At the turn of the 20th century, the Hicks Company in Rockville, Md., was making local deliveries of dry goods. This was a forerunner of the scene on a much larger scale during World War I when local deliveries for all kinds of goods became a demand with the advent of motorized delivery trucks.

As the summer of 1917 advanced, a coal famine began to develop in the industrial eastern States because of the shortage of railway cars. Production of munitions was beginning to be affected when the Priority Board of the Council of National Defense issued Priority Order No. 2, to be effective November 1, 1917, prohibiting the use of open top cars other than flat cars for shipping supplies, other than coal, for construction, maintenance and repair of public and private highways, streets, and sidewalks or for theaters and other places of amusement.[7] This peremptory order, issued without public hearings or other advance warning, struck the States “like a bolt from the blue,” at a particularly bad time. It caught them with many miles of new road graded but not surfaced with winter approaching. Despite the fact that trucking had already released thousands of cars for war purposes and the roads in the vicinity of cantonments and ports of embarkation were being pounded to pieces by truck traffic, the Priority Board refused to recede from its position, and road work and road materials production that was dependent on rail transportation ground to a stop.

State highway officials on inspection tour of 1917 construction project in Michigan. Such projects were soon forced to stop when involvement in the war caused shortage of materials and manpower.

Truck assembly increased to meet the war needs.
Truck assembly increased to meet the war needs.

Truck assembly increased to meet the war needs.

As a direct result of the widespread protests over Priority Order No. 2, the National Council set up a Highway Transport Committee in Washington to represent the highway and highway transport interests, and appointed Roy D. Chapin, President of the Hudson Motor Company, as chairman. This Committee began its work November 29, 1917.

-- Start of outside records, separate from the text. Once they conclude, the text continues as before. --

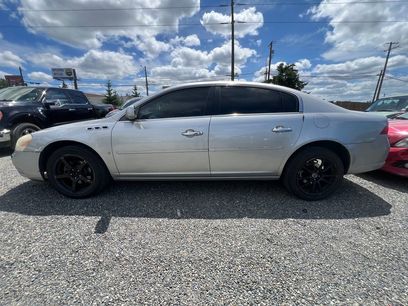 Used 2006 Buick Lucerne CX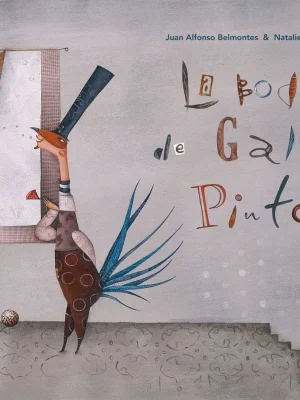 9788498712230_la-boda-del-gallo-pinto_front-1.webp La boda del gallo pinto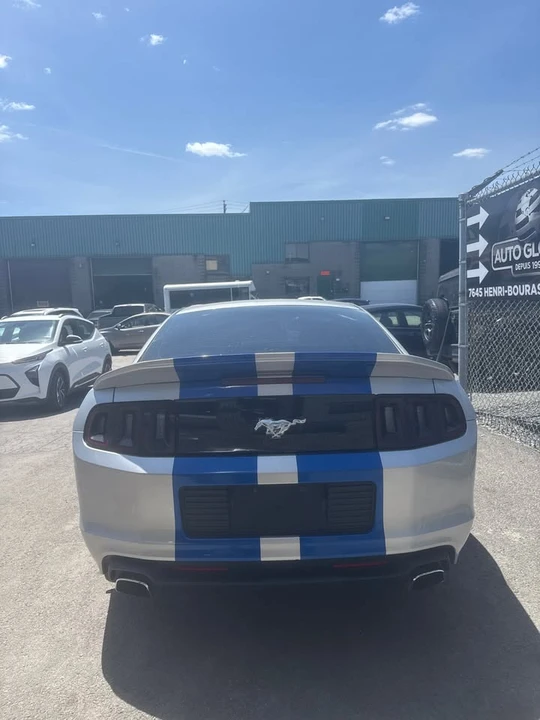 2013 Ford S197 Mustang - Image 5 of 20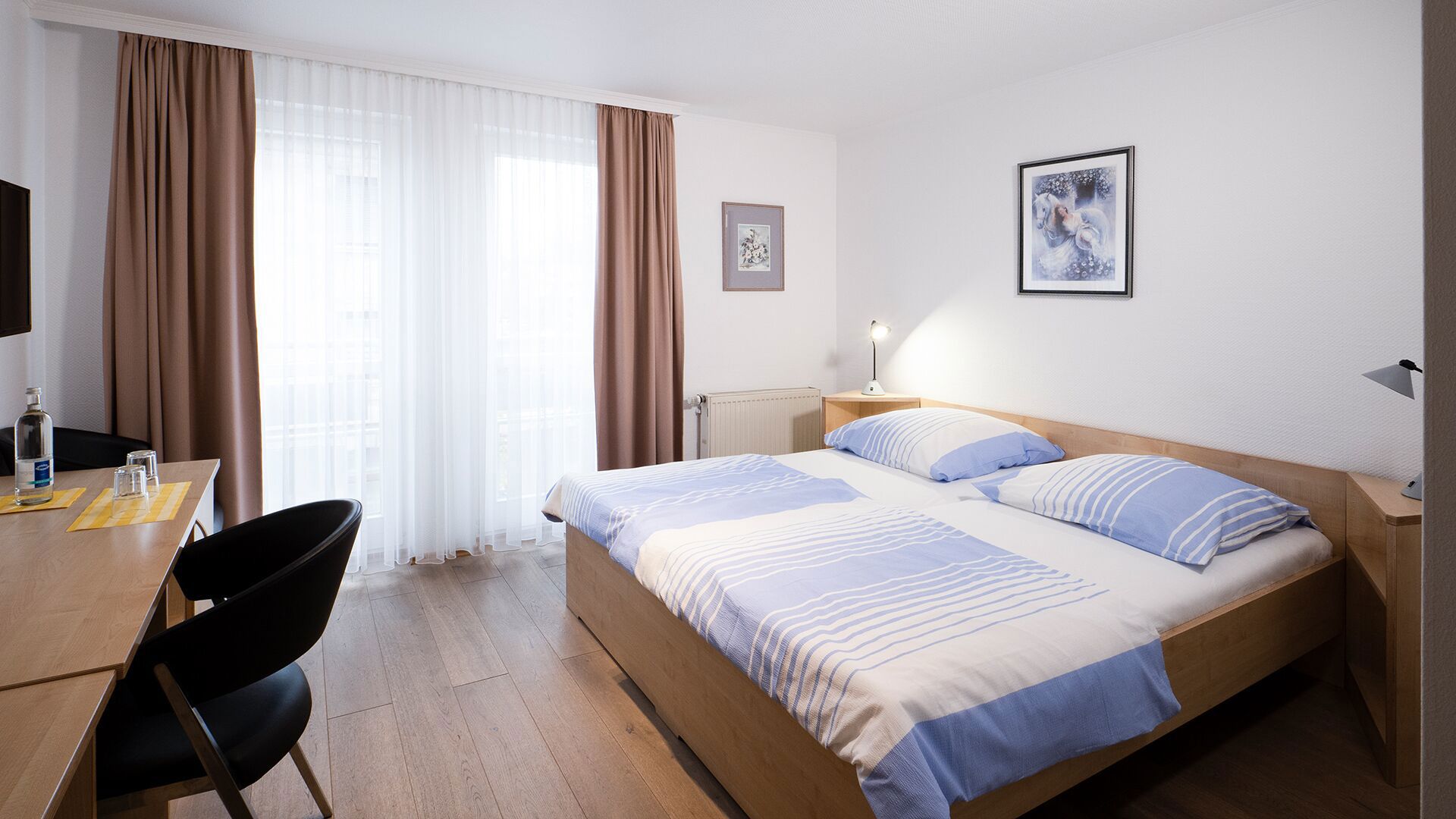 Brenzhotel Heidenheim galeri fotoğrafı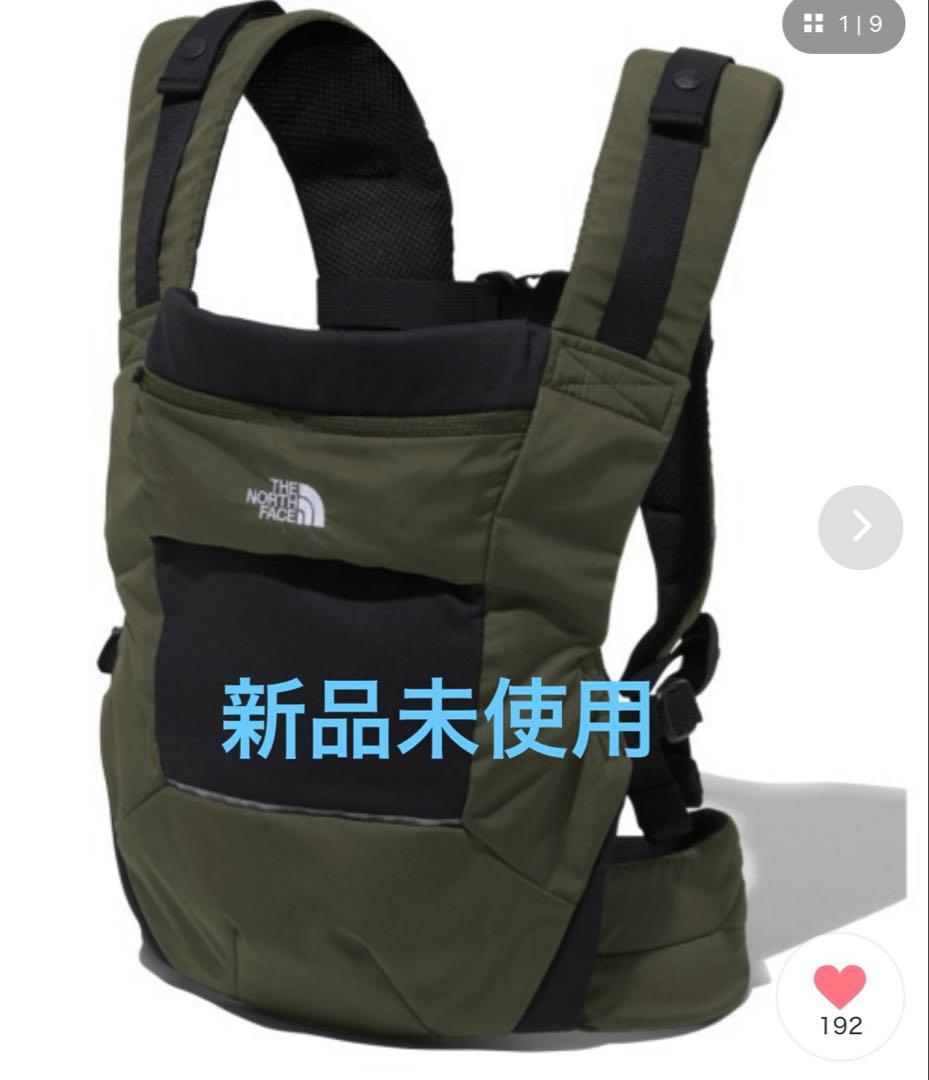 新品未使用♡THE NORTH FACE 抱っこ紐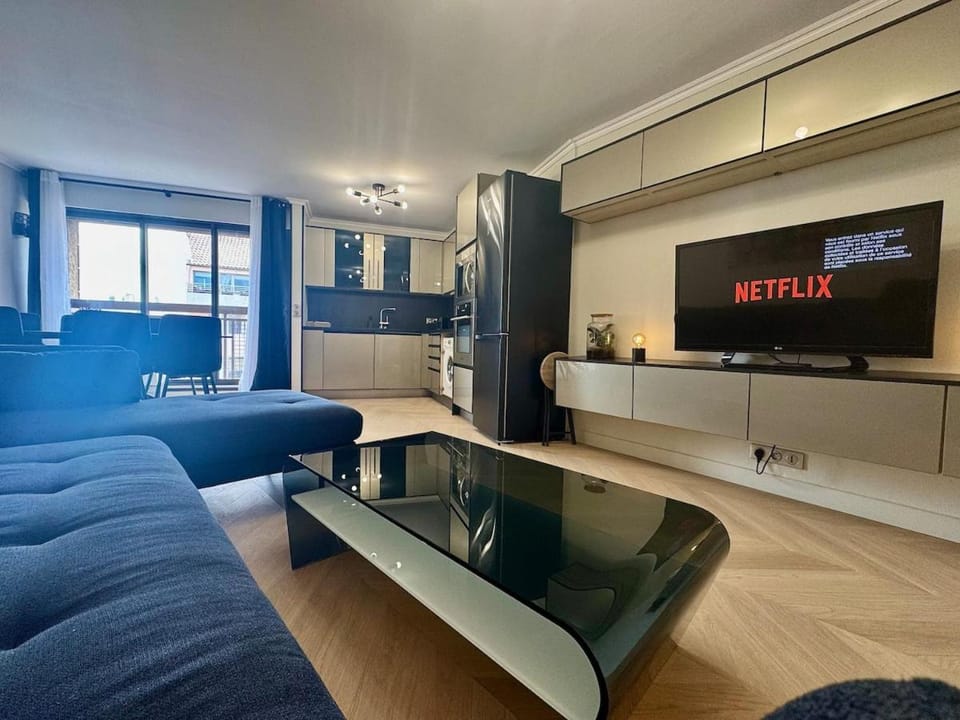 Appart 3 chambres, Cannes centre & plages Apartment in Cannes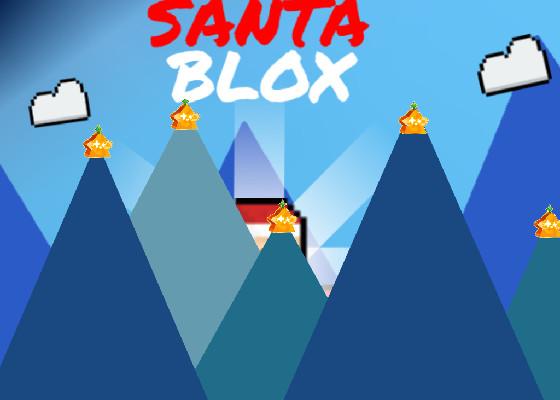 Santa Blox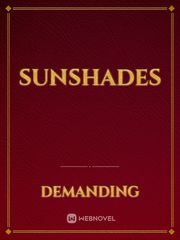Sunshades Th Novel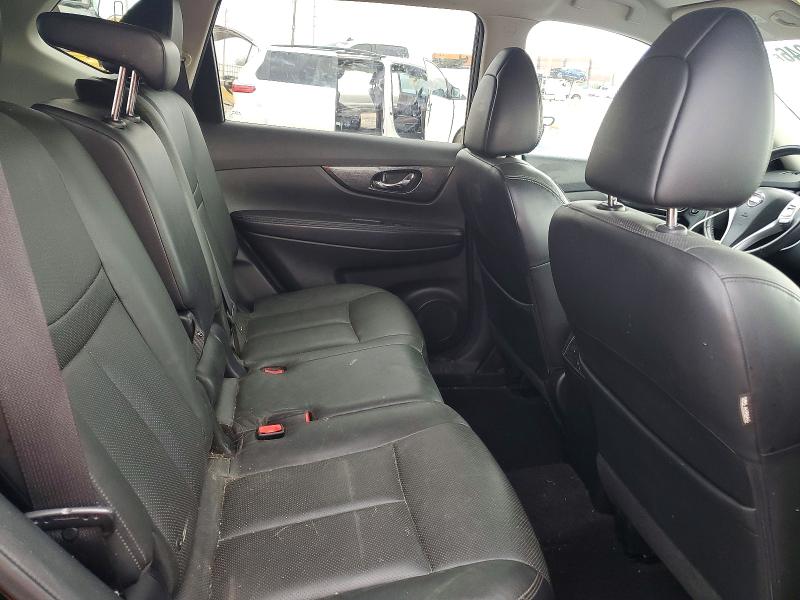 Aukcja sprzedaży 2014 Nissan Rogue, vin: 5N1AT2MV1EC765524, numer aukcji: 48988246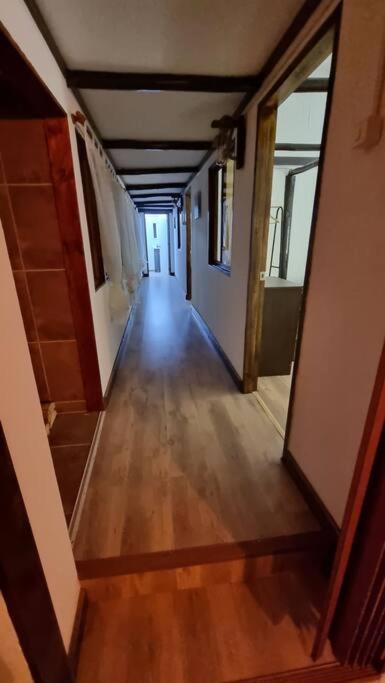 ¡Cabana Full Equipada Para 6! Guayacan  Kültér fotó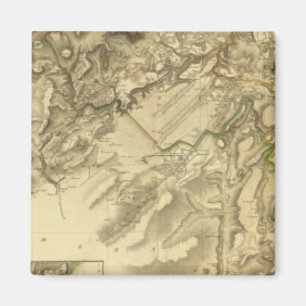 Íman Shire de Edimburgo Composto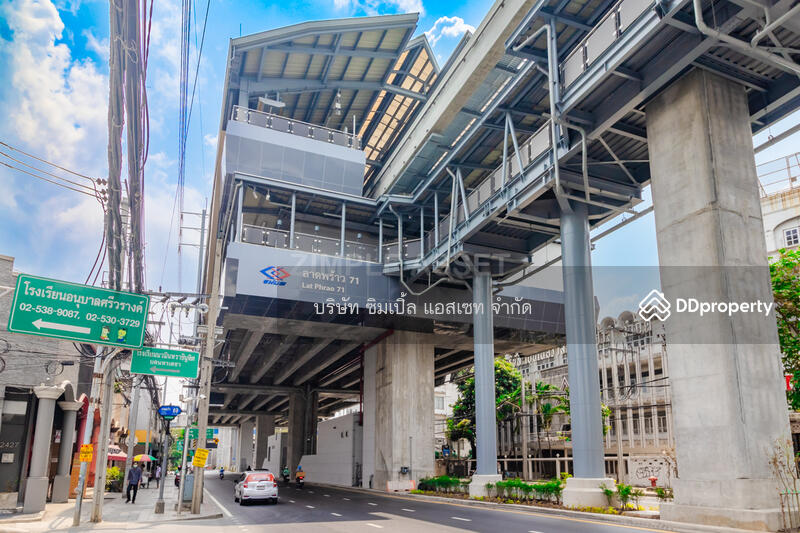 For Rent - Glory Mansion, Bangkok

The National Military Truck Routes
The experience of the Allies had shown that enormous numbers of trucks would be needed in France to support military operations. The War Production Board decided to standardize truck designs to simplify parts supply and increase production, and they induced the motor industry to design two vehicles on which to concentrate production for the duration of the war. Class A trucks were to have a capacity of 3 tons and a speed of 14 miles per hour, while Class B trucks would carry 5 tons at 12 miles per hour. The Army placed an order for 30,000 of these trucks in September 1917.

Several months before the Highway Transport Committee was organized, Chapin advanced the idea that trucks destined for France could be driven from the factories to the ports of embarkation, and he obtained the Army’s approval for an experimental convoy. On November 22, 1917, a trail-blazing party consisting of representatives of the Ohio Highway Department, the Army, the Lincoln Highway Association, and the OPRRE left Toledo enroute to the East Coast. The route they selected crossed Ohio via Toledo and Akron to East Palestine, where the Pennsylvania Highway Department picked it up, continuing on to Pittsburgh and across the Allegheny Mountains to Harrisburg, Lancaster, and Philadelphia. This became the main military truck route. Later, other truck routes were designated by Ohio, West Virginia, Pennsylvania, and Maryland over the Old National Road, and by Ohio, Pennsylvania, and New York via Cleveland, Erie, Buffalo, and Albany to New York City.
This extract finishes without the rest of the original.